An attack that took place the day before when the home of Dafna Meir in Otniel south of Hebron was breached, saw the  young attacker stab the mother of six children to death, in the presence of her eldest daughter. That attacker fled, but was arrested a day later. The result of those attacks is heightened concern, of course, but also banishment of all Palestinian workers from the Gush Etzion settlement block.

There are 25,000 Palestinians for whom Israel has issued work permits for the settlements. They are construction workers or light industry workers. They are now deprived of paid employment in an area where unemployment is high and the job market tight, leaving Palestinians frustrated and discontent. The question is, how is it even remotely possible to relax Israel's military occupation of the West Bank while its residents pose a violent threat to Israelis?

The deliberate and ongoing efforts of the Palestinian Authority to foment unrest and violent reprisals in response to manufactured insults and plots to rob Palestinians of their heritage sites has resulted in four months of incendiary violence and the deaths of both Israeli civilians and their Arab attackers, along with others engaged in violent protests against Israeli occupation. The Palestinian Authority has done little to produce a working civilian infrastructure or advance peace, preferring to engage its people in "resistance".

The woman whose uneasy letter had been sent to her community bulletin is dead, her six children deprived of their mother's presence, a Palestinian teenager under arrest for her murder, and nothing will have been solved to find a way out of the dilemma of distrust and violence, hatred and murder. The West Bank settlements resulted from Palestinian authorities refusing time and again to commit to peace with Israel in exchange for a state of their own.

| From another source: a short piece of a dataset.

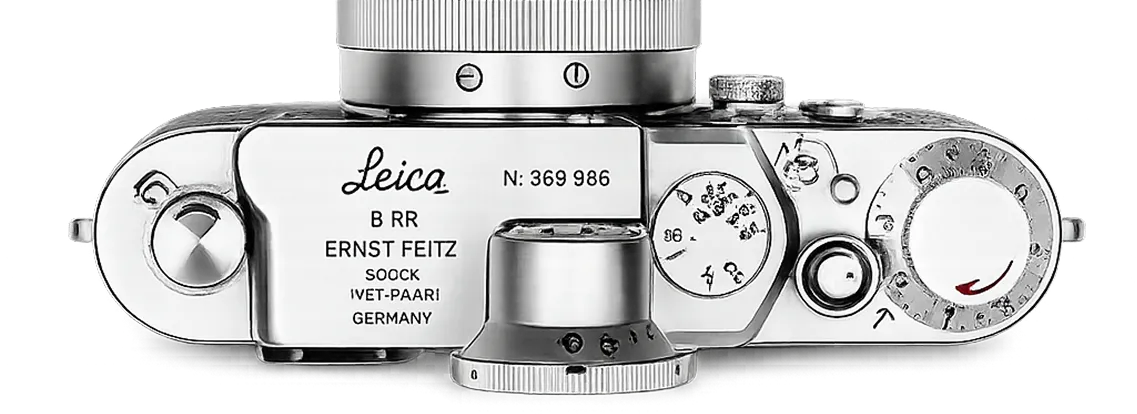 Top view of a vintage Leica Ernst Feitz camera with dials and serial number 369986.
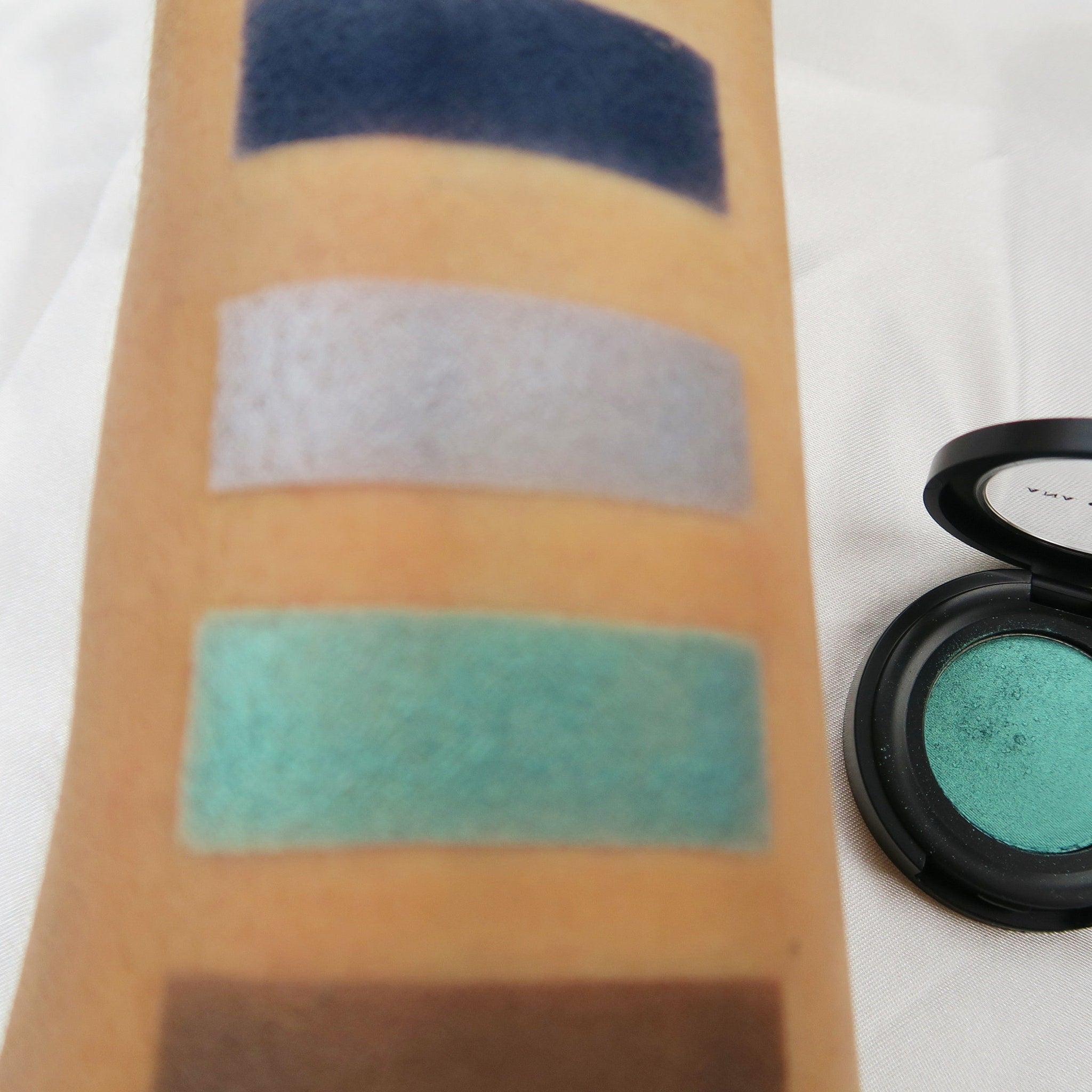 Open compact showing vibrant mermaid green eyeshadow with mirror and applicator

The original refusal took place in 1948 and it has been repeated time and again. The entire territory in question was once part of ancient Israel. Orthodox Jews consider that territory theirs by heritage, and since Palestinians have not agreed to partition it and to take their portion formally, they feel justified in settling it as their ancestors had done. If there is a solution to the intractable problem of two disparate ethnic and religious peoples finding common ground on a trajectory to peace, it has not yet surfaced.